Prompt = Which lines come from the start of the records through the line that holds "209 Tatum Road"? Write them out word for word.

Task inputs =
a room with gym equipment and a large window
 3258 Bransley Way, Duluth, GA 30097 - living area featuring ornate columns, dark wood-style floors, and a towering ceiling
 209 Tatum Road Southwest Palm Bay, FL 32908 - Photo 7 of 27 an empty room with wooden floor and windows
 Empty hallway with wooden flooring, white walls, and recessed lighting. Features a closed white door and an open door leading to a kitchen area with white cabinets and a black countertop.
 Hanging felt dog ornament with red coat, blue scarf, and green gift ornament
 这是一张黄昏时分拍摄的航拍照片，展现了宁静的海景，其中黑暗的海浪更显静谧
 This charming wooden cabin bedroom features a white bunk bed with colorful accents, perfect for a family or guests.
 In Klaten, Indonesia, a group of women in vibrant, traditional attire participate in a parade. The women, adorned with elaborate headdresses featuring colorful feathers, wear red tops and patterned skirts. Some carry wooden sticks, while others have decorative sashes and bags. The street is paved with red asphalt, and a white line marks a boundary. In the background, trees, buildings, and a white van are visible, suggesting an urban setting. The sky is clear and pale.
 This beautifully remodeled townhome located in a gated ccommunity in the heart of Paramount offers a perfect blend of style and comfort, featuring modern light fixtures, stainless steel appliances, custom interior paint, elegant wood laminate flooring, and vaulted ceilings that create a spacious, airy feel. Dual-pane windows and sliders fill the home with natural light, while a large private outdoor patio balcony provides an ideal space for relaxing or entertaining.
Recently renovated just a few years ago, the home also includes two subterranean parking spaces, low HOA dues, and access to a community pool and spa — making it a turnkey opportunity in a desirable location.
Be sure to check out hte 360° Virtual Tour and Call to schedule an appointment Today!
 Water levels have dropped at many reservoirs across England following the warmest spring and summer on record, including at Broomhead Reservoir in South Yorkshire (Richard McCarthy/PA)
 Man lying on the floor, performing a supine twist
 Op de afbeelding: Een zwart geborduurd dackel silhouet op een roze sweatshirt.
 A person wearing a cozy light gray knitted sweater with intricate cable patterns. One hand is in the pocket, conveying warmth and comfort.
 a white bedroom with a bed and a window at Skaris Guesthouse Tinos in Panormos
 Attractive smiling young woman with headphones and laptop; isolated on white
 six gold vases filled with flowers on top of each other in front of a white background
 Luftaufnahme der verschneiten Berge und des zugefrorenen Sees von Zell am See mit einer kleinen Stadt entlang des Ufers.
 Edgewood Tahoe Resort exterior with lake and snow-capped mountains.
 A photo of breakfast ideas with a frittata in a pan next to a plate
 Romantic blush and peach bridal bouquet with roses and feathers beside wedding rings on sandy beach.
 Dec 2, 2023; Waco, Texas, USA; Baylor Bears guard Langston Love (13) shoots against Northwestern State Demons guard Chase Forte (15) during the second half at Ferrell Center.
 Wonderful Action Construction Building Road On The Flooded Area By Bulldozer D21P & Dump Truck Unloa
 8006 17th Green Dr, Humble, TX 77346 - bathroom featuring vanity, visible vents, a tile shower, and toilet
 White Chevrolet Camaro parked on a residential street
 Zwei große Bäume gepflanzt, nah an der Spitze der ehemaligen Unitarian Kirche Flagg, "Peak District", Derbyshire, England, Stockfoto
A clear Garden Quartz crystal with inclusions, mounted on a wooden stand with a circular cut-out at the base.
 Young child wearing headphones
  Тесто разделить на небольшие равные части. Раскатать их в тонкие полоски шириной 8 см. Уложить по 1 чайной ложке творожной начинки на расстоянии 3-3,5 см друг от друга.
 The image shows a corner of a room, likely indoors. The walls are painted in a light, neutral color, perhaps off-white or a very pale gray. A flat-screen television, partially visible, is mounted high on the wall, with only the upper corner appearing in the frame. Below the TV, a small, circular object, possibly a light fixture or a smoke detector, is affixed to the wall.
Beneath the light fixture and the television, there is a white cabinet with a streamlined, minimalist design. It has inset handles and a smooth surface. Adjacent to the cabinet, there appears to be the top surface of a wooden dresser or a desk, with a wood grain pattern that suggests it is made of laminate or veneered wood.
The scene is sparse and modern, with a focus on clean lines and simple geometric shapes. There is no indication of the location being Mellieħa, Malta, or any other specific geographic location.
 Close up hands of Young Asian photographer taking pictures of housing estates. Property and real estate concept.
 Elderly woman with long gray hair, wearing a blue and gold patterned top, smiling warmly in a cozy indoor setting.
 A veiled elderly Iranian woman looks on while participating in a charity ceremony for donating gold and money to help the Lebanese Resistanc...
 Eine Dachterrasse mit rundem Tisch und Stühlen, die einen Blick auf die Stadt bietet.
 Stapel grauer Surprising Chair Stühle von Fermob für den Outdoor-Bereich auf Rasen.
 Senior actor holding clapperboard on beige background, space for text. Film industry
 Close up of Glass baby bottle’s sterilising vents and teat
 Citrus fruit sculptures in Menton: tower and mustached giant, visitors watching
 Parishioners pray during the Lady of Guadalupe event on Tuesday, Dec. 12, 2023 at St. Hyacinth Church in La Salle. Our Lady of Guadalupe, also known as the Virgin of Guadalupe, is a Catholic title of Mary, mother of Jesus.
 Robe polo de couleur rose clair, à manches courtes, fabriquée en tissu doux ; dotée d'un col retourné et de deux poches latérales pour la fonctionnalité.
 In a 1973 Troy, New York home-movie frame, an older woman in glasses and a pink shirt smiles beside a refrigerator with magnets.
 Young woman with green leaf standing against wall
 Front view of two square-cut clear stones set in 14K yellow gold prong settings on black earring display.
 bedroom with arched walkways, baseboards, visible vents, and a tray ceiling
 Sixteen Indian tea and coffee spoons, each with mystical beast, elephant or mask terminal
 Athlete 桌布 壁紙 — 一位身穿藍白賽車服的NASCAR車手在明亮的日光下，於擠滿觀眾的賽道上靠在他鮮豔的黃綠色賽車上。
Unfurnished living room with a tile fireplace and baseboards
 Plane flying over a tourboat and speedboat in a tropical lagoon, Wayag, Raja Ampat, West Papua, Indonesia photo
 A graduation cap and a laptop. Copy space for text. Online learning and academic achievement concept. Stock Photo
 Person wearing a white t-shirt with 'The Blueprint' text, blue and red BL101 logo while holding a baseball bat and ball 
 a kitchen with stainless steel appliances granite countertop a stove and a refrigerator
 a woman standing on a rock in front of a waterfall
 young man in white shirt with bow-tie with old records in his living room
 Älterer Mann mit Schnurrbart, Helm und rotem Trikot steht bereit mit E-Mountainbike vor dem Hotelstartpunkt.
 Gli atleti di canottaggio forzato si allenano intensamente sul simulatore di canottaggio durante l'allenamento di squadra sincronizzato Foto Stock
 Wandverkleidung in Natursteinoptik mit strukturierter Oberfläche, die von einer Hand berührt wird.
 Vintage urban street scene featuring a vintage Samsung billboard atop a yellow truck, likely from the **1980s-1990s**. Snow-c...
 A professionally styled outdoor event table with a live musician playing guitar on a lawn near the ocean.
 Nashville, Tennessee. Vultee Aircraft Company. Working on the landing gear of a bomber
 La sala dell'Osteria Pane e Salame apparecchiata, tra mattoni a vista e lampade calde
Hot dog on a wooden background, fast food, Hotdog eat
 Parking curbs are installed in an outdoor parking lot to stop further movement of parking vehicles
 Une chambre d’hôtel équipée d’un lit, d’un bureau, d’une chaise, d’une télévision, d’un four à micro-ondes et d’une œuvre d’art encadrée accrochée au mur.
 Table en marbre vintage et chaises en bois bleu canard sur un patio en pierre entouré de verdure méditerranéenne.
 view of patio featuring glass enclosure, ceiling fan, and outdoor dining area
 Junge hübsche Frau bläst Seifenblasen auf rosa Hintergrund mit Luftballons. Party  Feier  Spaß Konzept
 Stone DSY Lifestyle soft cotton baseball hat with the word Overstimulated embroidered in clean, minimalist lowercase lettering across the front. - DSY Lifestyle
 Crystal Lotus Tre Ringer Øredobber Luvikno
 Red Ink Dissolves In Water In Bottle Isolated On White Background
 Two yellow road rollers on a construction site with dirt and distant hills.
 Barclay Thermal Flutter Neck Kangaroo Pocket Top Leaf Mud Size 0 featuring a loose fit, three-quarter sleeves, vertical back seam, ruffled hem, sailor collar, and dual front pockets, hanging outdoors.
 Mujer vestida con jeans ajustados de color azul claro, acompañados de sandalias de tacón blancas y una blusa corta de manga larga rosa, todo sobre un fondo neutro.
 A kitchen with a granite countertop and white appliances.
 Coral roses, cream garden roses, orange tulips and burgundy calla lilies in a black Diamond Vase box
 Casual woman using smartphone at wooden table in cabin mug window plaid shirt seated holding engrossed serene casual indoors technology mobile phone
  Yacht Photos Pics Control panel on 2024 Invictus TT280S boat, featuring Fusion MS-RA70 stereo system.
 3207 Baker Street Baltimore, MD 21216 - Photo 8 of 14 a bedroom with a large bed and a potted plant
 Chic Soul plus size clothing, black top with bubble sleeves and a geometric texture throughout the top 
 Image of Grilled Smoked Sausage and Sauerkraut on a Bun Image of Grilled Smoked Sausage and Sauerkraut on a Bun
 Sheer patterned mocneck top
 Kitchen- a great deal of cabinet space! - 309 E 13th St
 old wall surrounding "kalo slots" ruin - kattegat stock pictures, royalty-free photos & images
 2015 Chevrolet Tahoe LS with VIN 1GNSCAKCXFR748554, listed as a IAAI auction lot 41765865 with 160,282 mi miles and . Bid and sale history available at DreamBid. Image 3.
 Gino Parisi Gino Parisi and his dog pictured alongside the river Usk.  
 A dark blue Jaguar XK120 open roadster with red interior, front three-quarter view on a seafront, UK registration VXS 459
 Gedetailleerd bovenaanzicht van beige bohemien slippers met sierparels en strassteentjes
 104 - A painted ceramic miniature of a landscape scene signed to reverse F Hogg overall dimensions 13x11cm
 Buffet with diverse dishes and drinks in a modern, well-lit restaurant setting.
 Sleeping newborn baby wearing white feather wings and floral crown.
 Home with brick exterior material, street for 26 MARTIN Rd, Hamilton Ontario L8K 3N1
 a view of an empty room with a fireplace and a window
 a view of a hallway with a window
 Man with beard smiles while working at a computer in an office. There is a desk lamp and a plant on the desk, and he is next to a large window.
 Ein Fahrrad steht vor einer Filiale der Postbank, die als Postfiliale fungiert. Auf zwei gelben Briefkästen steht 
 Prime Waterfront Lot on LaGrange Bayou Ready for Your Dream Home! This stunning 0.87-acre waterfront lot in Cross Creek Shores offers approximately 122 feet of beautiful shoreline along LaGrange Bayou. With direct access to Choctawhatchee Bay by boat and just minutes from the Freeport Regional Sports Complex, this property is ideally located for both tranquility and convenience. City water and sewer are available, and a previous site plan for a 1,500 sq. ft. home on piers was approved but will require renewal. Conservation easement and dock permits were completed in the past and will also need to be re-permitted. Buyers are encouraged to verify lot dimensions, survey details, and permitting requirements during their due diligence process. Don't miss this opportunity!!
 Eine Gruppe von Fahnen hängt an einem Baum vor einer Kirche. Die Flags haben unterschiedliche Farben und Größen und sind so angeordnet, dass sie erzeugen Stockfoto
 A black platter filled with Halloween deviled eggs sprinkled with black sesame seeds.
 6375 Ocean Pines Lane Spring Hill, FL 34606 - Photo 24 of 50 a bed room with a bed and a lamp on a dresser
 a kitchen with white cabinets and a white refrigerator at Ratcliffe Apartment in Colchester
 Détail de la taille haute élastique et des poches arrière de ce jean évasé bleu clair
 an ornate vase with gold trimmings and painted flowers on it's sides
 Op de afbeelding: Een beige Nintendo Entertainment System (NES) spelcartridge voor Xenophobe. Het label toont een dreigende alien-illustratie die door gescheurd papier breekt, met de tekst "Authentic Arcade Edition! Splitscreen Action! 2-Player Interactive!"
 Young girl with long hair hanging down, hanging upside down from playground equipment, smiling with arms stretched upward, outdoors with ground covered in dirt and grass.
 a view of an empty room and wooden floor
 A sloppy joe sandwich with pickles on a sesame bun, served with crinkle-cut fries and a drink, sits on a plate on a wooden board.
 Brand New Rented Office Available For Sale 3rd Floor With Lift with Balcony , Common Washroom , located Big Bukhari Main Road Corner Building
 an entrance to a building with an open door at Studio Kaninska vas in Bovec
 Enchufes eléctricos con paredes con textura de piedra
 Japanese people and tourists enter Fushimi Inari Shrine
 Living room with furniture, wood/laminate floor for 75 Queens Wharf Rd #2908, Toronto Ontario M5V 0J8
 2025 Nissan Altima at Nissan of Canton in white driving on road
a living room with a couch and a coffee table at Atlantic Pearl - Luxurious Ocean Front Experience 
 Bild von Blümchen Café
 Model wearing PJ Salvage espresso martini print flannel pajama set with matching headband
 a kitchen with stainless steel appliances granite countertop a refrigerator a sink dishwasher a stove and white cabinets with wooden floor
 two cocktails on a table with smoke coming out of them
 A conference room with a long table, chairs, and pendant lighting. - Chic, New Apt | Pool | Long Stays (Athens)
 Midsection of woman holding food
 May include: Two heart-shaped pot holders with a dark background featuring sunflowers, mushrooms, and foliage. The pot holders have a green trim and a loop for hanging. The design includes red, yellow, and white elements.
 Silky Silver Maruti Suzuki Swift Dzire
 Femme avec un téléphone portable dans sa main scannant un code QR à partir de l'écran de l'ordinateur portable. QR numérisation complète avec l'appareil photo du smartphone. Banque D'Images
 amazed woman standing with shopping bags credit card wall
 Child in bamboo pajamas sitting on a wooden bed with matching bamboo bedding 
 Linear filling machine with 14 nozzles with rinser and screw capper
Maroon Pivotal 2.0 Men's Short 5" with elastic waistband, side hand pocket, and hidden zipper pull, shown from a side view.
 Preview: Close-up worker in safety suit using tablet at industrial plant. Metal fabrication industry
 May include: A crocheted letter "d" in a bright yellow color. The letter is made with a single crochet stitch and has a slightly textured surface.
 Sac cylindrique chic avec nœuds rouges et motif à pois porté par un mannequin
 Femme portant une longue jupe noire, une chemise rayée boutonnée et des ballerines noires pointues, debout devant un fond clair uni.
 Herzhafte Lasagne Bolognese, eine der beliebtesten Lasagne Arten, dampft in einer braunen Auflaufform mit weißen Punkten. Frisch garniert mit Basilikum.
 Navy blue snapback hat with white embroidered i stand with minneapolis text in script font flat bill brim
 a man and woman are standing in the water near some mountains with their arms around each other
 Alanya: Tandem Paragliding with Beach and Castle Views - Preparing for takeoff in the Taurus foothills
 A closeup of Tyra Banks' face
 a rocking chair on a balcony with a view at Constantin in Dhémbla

Expected output =
a room with gym equipment and a large window
 3258 Bransley Way, Duluth, GA 30097 - living area featuring ornate columns, dark wood-style floors, and a towering ceiling
 209 Tatum Road Southwest Palm Bay, FL 32908 - Photo 7 of 27 an empty room with wooden floor and windows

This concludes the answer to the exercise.